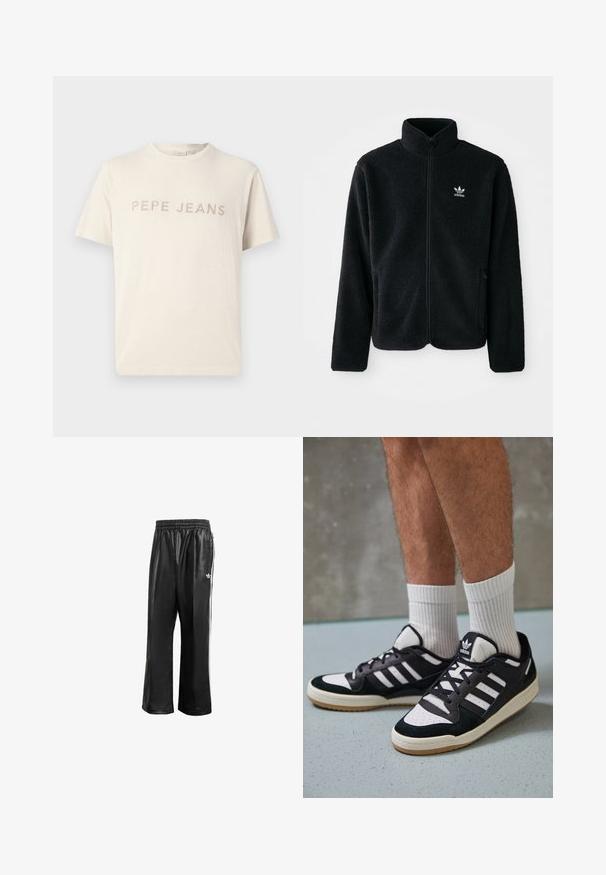 Czarna polarowa kurtka z wysokim kołnierzem, zamek z przodu i kieszeniami z przodu. Posiada teksturowany materiał i małe białe logo na lewej piersi.; Beżowa koszulka z krótkim rękawem i okrągłym dekoltem, z haftowanym napisem "PEPE JEANS" w jasnobeżowym kolorze na piersi.; Czarne syntetyczne spodnie dresowe z elastycznym pasem, z białymi paskami po bokach i małym białym logo na lewym biodrze.; Czarno-białe sneakersy z zamszową i skórzaną cholewką, z trzema białymi paskami, perforowanym czubkiem i gumową podeszwą w kolorze gumy.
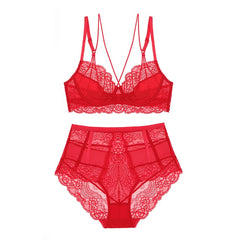 Varsbaby Sexy Lace Red Color Christmas Underwear New Year Bra Set For Women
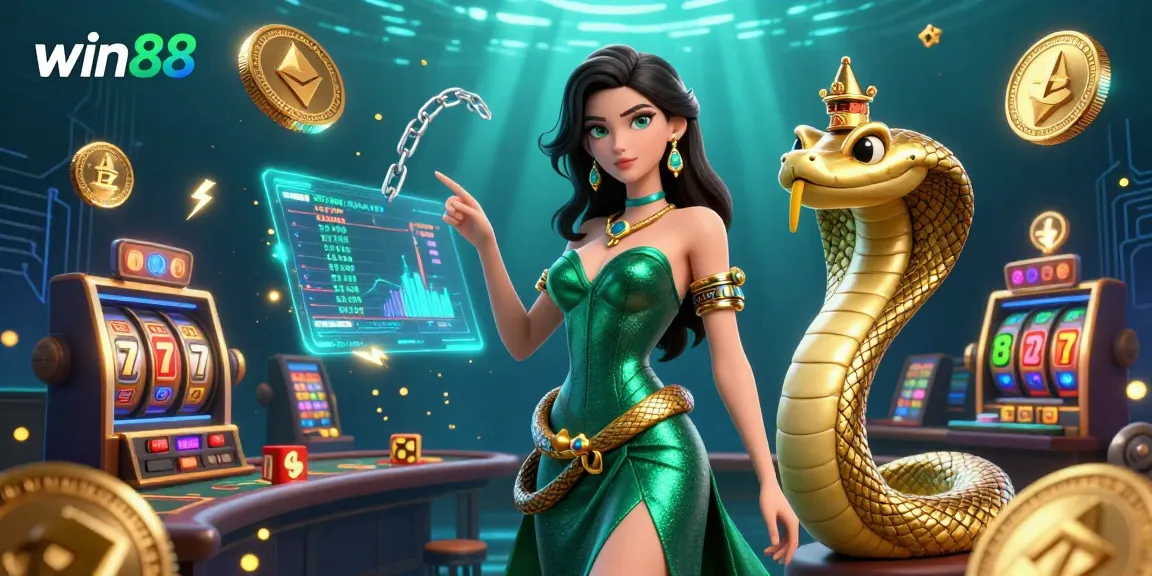 Engage with win88's vivid casino experience featuring a glamorous woman and golden cobra amidst vibrant game elements.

Assignment: The reply should contain every line of the material exactly, and no images.

Your response:
 Czarna polarowa kurtka z wysokim kołnierzem, zamek z przodu i kieszeniami z przodu. Posiada teksturowany materiał i małe białe logo na lewej piersi.; Beżowa koszulka z krótkim rękawem i okrągłym dekoltem, z haftowanym napisem "PEPE JEANS" w jasnobeżowym kolorze na piersi.; Czarne syntetyczne spodnie dresowe z elastycznym pasem, z białymi paskami po bokach i małym białym logo na lewym biodrze.; Czarno-białe sneakersy z zamszową i skórzaną cholewką, z trzema białymi paskami, perforowanym czubkiem i gumową podeszwą w kolorze gumy.
 Varsbaby Sexy Lace Red Color Christmas Underwear New Year Bra Set For Women
 Engage with win88's vivid casino experience featuring a glamorous woman and golden cobra amidst vibrant game elements.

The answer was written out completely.